Voici les valeurs les plus récentes disponibles à la date de mise à jour de cette page.
Prix moyens de l'électricité pour les consommateurs non résidentiels en France, second semestre 2025, en euros par kWh
*Source : Eurostat, série nrg_pc_205, France, période de référence : second semestre 2025. Dernière donnée publiée à la date du 4 septembre 2026. La colonne « hors toutes taxes » couvre la fourniture et l'acheminement. La colonne « hors TVA et taxes récupérables » ajoute les taxes non récupérables.*
Comment vous situer. Repérez votre consommation annuelle en MWh, qui figure sur votre facture. Une boulangerie ou un cabinet de conseil relèvent en général de la bande IA, un supermarché de quartier ou un atelier de la bande IB, un site industriel de taille moyenne ou un siège tertiaire de la bande IC. Comparez ensuite votre prix moyen tout compris, c'est à dire votre facture annuelle hors TVA divisée par votre consommation annuelle en kWh, avec la colonne de droite. Pour ne comparer que la partie énergie, utilisez la colonne de gauche et retirez les taxes de votre calcul.
Deux précautions. Ces valeurs sont des moyennes de contrats en cours, signés à des dates très différentes, dont certains pendant la crise de 2022 et 2023 : elles décrivent ce que le parc d'entreprises paie, pas ce qu'un contrat signé aujourd'hui coûterait. Par ailleurs, la segmentation dite C1 à C5 du gestionnaire de réseau renvoie au niveau de raccordement et à la puissance souscrite, pas au volume consommé : elle détermine votre tarif d'acheminement, pas votre prix de fourniture.

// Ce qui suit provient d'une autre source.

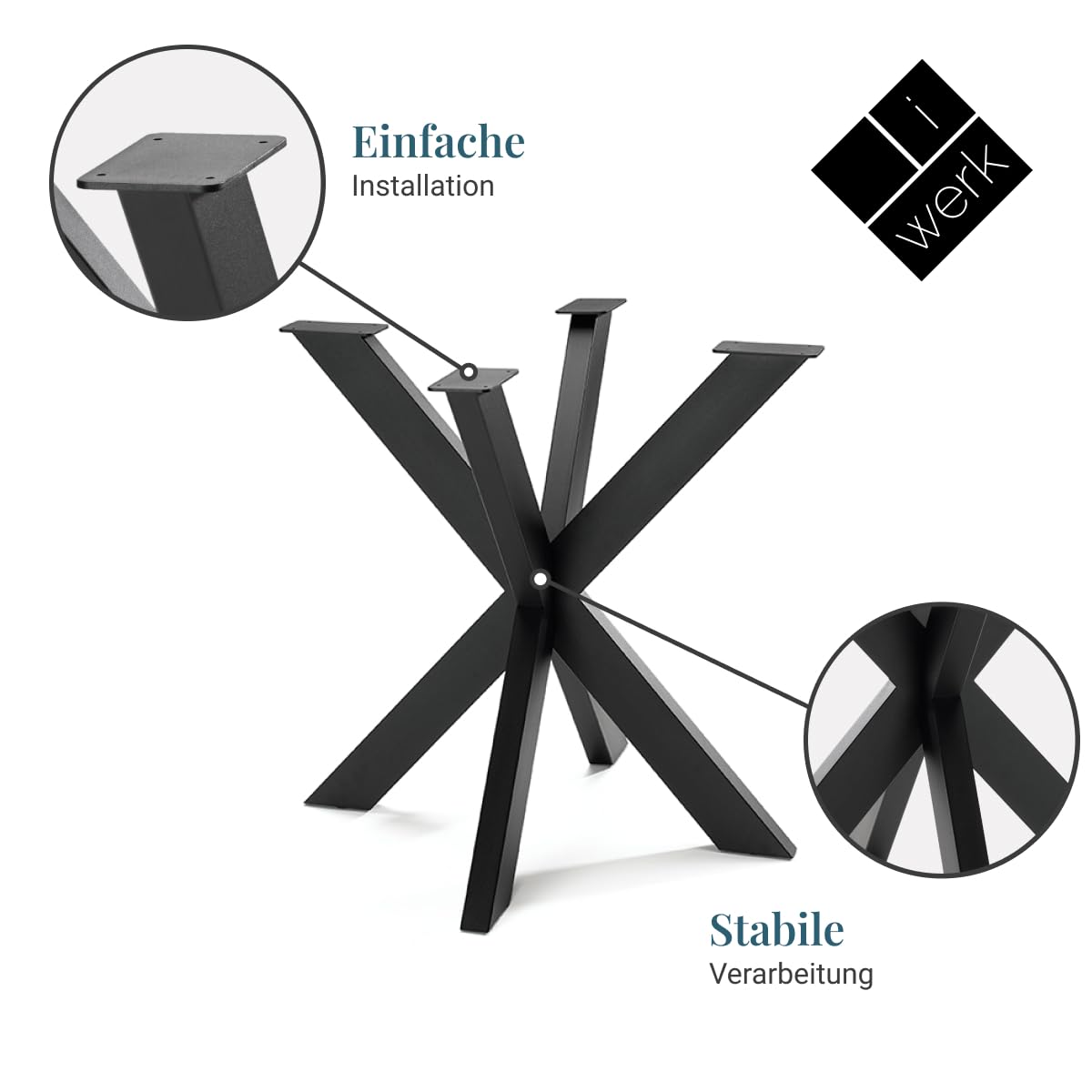 Tischbeine in Spider-Form Schwarz | Gefertigt aus hochwertigem Stahl | Geeignet zur Anbringung an Tischplatten | Stabil & Langlebig | Schwarze Beine für deinen Tisch (Spider 76)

De quoi est composé le prix que vous payez
Le prix affiché sur votre facture n'est pas un prix unique : c'est un empilement de quatre postes, dont un seul se négocie. La Commission de régulation de l'énergie décrit cette construction dite « par empilement des coûts » pour les tarifs réglementés, et la logique est la même pour une offre de marché.
- La fourniture, souvent appelée la molécule par abus de langage emprunté au gaz. C'est le coût d'approvisionnement en énergie et en garanties de capacité, augmenté des coûts de commercialisation et de la marge du fournisseur. C'est la seule ligne qui dépend du fournisseur que vous choisissez.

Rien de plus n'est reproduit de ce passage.